THE TASK: Below are the entries to work from; restate word for word the portion that opens with the line containing "unfurnished dining area" and closes with the line containing "A man is holding", keeping both.

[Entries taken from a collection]
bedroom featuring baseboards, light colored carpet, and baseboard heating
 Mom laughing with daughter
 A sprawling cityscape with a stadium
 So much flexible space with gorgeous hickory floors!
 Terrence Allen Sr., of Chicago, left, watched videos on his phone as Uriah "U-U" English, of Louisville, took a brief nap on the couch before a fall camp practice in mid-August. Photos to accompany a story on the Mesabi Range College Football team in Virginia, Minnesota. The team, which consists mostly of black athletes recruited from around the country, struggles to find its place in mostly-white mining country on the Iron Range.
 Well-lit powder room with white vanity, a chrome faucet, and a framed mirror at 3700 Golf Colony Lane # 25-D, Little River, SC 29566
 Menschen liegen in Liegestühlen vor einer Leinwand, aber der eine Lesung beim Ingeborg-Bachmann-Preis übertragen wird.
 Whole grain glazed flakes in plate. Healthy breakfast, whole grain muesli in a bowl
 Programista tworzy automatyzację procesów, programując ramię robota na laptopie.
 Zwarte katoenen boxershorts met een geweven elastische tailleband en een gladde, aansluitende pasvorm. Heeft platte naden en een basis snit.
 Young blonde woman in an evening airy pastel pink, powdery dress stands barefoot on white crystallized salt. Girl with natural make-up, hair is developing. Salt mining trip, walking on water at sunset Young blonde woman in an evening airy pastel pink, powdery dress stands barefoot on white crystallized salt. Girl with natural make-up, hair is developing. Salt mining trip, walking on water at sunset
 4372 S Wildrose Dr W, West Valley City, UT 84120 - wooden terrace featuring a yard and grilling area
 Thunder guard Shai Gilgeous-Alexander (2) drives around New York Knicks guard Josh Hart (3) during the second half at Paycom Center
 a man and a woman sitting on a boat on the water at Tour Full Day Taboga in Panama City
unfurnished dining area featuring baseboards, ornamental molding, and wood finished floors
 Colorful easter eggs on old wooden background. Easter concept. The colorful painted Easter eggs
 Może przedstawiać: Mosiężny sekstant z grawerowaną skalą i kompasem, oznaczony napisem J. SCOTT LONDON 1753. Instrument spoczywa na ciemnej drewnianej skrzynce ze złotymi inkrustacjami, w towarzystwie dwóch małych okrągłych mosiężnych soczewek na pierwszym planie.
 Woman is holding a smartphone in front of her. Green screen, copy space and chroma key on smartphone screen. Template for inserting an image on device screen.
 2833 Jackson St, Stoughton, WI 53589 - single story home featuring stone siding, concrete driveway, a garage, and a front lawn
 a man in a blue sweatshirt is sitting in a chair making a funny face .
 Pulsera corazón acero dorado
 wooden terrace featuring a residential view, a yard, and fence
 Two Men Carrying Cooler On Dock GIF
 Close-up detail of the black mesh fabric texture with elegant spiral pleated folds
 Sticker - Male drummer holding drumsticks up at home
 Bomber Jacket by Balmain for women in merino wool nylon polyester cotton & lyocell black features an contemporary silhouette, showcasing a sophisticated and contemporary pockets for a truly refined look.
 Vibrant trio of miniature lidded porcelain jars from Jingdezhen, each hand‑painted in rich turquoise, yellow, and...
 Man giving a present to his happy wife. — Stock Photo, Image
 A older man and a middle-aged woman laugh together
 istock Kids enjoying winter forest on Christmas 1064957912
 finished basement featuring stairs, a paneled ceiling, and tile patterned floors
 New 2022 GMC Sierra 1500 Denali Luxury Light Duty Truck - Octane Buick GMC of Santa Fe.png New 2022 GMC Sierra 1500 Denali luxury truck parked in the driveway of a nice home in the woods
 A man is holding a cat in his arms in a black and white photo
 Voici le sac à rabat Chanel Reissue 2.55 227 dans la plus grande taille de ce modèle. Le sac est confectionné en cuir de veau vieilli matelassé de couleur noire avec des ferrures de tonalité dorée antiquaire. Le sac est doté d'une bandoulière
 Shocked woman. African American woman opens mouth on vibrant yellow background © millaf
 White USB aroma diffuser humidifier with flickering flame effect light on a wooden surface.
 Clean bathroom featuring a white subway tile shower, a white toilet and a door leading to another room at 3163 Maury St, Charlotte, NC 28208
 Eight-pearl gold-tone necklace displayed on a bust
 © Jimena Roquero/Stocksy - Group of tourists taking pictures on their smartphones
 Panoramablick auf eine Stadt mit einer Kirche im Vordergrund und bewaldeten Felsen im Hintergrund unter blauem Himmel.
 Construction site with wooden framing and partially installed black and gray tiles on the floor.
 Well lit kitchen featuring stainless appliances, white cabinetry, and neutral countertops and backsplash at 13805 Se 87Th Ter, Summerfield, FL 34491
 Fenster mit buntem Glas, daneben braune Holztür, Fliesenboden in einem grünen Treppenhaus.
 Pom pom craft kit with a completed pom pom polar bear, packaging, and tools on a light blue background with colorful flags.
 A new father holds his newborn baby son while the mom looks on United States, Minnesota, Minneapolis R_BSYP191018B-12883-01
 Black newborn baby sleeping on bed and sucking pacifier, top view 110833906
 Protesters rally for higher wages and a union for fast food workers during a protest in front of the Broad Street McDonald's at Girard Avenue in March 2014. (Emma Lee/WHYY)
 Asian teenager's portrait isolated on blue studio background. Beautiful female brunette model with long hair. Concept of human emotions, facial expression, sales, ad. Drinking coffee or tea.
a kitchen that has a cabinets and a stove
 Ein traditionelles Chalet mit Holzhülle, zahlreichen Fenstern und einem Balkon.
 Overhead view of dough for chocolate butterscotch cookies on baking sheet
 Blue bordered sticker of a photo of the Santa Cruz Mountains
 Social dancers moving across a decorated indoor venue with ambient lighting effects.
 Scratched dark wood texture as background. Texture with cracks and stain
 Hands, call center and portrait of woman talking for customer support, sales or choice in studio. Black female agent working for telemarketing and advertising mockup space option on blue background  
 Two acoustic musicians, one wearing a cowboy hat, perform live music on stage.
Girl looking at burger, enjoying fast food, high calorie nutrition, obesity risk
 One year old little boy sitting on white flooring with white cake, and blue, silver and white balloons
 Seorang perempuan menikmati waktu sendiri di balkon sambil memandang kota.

EXPECTED ANSWER:
unfurnished dining area featuring baseboards, ornamental molding, and wood finished floors
 Colorful easter eggs on old wooden background. Easter concept. The colorful painted Easter eggs
 Może przedstawiać: Mosiężny sekstant z grawerowaną skalą i kompasem, oznaczony napisem J. SCOTT LONDON 1753. Instrument spoczywa na ciemnej drewnianej skrzynce ze złotymi inkrustacjami, w towarzystwie dwóch małych okrągłych mosiężnych soczewek na pierwszym planie.
 Woman is holding a smartphone in front of her. Green screen, copy space and chroma key on smartphone screen. Template for inserting an image on device screen.
 2833 Jackson St, Stoughton, WI 53589 - single story home featuring stone siding, concrete driveway, a garage, and a front lawn
 a man in a blue sweatshirt is sitting in a chair making a funny face .
 Pulsera corazón acero dorado
 wooden terrace featuring a residential view, a yard, and fence
 Two Men Carrying Cooler On Dock GIF
 Close-up detail of the black mesh fabric texture with elegant spiral pleated folds
 Sticker - Male drummer holding drumsticks up at home
 Bomber Jacket by Balmain for women in merino wool nylon polyester cotton & lyocell black features an contemporary silhouette, showcasing a sophisticated and contemporary pockets for a truly refined look.
 Vibrant trio of miniature lidded porcelain jars from Jingdezhen, each hand‑painted in rich turquoise, yellow, and...
 Man giving a present to his happy wife. — Stock Photo, Image
 A older man and a middle-aged woman laugh together
 istock Kids enjoying winter forest on Christmas 1064957912
 finished basement featuring stairs, a paneled ceiling, and tile patterned floors
 New 2022 GMC Sierra 1500 Denali Luxury Light Duty Truck - Octane Buick GMC of Santa Fe.png New 2022 GMC Sierra 1500 Denali luxury truck parked in the driveway of a nice home in the woods
 A man is holding a cat in his arms in a black and white photo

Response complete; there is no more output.